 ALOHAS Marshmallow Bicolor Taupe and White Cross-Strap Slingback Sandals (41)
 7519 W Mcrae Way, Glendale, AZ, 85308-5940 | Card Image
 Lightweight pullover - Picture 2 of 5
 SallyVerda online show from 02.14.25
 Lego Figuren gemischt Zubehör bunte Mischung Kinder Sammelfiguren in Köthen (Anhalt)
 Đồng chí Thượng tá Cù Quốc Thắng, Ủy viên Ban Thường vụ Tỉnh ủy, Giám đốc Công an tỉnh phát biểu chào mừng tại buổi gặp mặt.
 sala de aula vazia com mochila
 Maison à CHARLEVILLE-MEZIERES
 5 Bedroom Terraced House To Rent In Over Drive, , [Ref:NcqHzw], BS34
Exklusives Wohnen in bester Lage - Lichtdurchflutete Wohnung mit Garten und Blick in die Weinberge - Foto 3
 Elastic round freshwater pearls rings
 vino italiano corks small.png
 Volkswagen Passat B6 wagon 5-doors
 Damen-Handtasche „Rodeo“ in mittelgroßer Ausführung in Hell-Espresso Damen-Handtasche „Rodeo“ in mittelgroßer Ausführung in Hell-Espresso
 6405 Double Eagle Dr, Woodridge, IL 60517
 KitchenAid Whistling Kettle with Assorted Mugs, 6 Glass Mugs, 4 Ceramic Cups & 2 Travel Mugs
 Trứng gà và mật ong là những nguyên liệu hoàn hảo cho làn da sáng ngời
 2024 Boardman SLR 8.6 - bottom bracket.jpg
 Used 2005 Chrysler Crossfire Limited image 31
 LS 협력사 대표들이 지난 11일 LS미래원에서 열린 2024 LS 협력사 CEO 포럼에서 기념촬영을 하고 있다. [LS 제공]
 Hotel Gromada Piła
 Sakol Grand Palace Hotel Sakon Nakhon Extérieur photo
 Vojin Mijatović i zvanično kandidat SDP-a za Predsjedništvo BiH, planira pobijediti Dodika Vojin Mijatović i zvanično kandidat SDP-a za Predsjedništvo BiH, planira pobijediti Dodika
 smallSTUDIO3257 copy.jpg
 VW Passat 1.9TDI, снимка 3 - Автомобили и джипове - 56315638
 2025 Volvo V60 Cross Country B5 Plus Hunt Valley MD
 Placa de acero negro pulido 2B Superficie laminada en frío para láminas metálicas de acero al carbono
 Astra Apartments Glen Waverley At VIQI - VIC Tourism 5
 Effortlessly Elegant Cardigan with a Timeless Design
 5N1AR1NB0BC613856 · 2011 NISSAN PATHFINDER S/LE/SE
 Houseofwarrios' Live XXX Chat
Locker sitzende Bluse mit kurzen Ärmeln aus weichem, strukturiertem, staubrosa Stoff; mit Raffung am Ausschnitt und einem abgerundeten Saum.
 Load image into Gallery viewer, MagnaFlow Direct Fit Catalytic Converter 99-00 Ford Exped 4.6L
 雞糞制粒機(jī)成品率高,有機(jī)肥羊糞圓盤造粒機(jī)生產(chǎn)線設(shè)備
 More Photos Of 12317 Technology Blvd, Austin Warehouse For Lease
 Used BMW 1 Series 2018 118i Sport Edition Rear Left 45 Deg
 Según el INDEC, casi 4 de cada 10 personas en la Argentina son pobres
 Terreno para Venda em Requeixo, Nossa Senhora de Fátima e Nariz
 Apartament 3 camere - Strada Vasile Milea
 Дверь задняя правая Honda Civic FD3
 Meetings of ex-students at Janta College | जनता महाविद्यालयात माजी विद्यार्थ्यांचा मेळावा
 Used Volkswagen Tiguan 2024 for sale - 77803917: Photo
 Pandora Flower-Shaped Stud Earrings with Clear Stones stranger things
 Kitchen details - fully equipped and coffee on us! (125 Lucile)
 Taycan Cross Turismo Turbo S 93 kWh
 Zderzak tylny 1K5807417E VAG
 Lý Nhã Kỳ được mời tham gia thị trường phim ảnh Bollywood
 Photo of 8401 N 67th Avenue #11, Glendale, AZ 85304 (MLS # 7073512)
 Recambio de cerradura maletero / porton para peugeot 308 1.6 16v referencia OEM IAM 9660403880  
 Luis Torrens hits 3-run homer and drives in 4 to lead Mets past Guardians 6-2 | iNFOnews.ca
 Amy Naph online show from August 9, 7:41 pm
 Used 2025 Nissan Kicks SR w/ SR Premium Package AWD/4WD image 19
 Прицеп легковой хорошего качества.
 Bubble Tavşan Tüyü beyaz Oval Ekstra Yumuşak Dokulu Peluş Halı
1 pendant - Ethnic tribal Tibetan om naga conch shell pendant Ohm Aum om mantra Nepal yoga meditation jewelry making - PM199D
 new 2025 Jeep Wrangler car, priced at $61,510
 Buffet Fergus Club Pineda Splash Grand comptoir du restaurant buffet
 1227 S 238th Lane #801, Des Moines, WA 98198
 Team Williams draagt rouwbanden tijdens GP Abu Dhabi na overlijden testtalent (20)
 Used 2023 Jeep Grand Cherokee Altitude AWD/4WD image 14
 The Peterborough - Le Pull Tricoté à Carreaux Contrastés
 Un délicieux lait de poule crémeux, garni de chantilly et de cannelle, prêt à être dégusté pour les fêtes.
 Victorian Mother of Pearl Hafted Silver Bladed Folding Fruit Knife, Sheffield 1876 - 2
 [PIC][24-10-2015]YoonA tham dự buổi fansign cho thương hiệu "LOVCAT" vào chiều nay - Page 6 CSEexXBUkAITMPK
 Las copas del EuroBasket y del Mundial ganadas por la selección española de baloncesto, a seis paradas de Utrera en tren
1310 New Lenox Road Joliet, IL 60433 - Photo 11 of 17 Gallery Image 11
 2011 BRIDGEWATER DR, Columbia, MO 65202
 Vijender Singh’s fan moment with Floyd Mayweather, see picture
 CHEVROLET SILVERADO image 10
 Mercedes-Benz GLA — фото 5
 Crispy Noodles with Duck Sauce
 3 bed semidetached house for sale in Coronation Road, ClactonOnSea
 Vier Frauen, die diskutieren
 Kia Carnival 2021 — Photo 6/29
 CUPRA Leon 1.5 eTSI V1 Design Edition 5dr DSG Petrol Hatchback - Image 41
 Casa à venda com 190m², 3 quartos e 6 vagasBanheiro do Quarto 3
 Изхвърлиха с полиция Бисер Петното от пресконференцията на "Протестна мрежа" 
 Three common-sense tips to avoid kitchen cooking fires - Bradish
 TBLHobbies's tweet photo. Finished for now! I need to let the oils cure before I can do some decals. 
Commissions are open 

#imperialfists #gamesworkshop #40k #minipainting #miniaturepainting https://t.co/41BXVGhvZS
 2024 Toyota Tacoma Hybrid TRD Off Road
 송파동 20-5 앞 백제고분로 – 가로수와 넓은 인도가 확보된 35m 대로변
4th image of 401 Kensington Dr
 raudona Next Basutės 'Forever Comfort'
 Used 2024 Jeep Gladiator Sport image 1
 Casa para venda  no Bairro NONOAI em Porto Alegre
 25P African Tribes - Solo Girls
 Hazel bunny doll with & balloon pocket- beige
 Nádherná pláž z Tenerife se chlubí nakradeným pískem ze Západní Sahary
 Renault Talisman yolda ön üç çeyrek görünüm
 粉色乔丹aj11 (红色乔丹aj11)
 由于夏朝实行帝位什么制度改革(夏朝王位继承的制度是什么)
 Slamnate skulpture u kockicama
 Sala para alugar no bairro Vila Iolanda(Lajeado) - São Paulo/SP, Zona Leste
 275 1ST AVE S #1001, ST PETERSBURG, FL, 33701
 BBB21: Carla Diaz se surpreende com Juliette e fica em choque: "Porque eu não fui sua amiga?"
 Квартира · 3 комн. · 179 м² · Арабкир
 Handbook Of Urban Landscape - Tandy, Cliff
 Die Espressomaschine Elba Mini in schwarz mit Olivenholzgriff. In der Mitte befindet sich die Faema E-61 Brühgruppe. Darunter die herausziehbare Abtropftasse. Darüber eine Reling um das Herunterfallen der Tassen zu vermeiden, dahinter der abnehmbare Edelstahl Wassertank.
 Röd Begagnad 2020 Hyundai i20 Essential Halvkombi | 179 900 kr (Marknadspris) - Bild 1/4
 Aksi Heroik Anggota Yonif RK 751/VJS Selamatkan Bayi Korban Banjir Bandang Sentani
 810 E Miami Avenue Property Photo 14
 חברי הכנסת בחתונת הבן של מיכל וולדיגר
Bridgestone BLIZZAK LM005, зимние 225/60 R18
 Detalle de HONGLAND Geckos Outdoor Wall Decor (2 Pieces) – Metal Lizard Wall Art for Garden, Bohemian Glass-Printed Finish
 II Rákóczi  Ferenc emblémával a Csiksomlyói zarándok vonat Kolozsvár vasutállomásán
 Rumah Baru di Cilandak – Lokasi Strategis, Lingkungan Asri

## Problem description
The answer is each line from the entries above in which the word "Road" occurs.

## Your solution
1310 New Lenox Road Joliet, IL 60433 - Photo 11 of 17 Gallery Image 11
 3 bed semidetached house for sale in Coronation Road, ClactonOnSea
 2024 Toyota Tacoma Hybrid TRD Off Road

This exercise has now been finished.